Might I ask if this sonnet is a favorite of yours? I can't say it's ever stood out for me, at least until now. I can say that some of the lines sing ("Lean penury within that pen doth dwell!").

My view of them has changed, probably after I did make the effort of reading the whole lot. I used to think it was important to understand that #18 is addressed to a man. Now, I really don't think it matters. I'll add a bit more when I'm more awake . . . it is now 2am.


For #18, one could reply by asking why its being addressed to a man matters, turning the question round, but I think a better reply is to say that demanding the reader understands the sex of the person addressed can distract us from what the poem is really saying. Calling the beloved B, we know that B will fade and die like the summer. But B lives forever in the poem. More important for the reader is to understand that "this" of the last line means the poem that is being read. Of course, if you read all the sonnets, you'll get this anyway, because it is a recurring theme, "that eternity promised by our ever-living poet", but as you say, few do, and then it must be found in the poem itself. But the point surely is that it can be found in the poem, and finding it is the most important thing.

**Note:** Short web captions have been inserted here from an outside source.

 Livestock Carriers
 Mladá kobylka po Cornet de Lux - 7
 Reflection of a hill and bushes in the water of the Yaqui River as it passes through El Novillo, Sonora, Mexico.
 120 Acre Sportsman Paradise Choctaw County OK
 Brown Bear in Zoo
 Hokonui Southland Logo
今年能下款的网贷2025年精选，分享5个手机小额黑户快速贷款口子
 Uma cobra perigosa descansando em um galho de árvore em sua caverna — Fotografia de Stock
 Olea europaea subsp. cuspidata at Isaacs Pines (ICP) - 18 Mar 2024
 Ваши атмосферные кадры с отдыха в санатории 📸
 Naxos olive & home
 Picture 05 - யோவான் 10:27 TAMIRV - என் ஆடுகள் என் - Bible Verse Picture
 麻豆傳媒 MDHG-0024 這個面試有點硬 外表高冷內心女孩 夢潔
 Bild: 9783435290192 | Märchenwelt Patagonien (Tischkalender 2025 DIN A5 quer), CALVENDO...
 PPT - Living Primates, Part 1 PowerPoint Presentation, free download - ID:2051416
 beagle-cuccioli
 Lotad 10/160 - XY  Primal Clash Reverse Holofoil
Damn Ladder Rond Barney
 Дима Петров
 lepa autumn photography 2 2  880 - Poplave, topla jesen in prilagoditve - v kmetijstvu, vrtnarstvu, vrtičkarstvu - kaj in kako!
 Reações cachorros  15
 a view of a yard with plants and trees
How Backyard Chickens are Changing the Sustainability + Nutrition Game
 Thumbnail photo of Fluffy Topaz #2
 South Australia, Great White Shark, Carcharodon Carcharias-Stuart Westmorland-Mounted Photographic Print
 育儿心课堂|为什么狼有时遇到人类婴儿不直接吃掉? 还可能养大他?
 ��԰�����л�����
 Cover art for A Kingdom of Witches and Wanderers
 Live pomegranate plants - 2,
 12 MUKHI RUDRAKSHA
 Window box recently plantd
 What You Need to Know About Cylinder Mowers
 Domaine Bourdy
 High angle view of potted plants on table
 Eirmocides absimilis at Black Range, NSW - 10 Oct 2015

I also agree that, without the fuller context, we don't know that the sonnet is a 'love poem'. It could well be simply a poem of admiration, or even sycophancy (but this last assumes, again, the private-meaning theory). At any rate, by itself it works well as a poem of praise, and it works well (I think) not because it's difficult (correct me if I'm wrong) but because the language is at time magnificent (and that's what we want from poems).
Do you think we should make anything of the fact that the beloved (or admired) is addressed as "you" instead of "thou." I've never done an analysis (someone has, no doubt) of how often the poet uses 'you' and how often 'thou' or 'thee,' but I do find it curious and thought you might have some ideas on the matter.

That said, what I just said applies far more to our own time than Shakespeare's time, IMHO. We hear a lot about 'gender blind' things these days (Glenda Jackson's Lear, for example), but I fear that by 'gender blind' we really mean 'gender obsessed.' In Shakespeare's time, so far as I can make out, there was no obsession whatsoever about this matter. If anything, it was something to have fun with (as with all the cross-dressing in the comedies). But in our age, and at least since the end of the 19th century, there's been an obsession with the gender-related notion of 'sexual preference,' and its classification in the late Victorian era. This obsession, I would argue, has seriously crippled our understanding of some of Shakespeare's work--and Sonnet 18 is the perfect example.
I would argue that the fact that the addressee in 18 is a man is not something Shakespeare gave much thought to, at least not the thought that we moderns do (one hears the titillated undergrad whispering, 'So Shakespeare was gay, huh?). For Shakespeare's time the sonnet would have been compelling precisely because it was 'gender blind'--but in the best sense, not the 'gender obsessed' sense.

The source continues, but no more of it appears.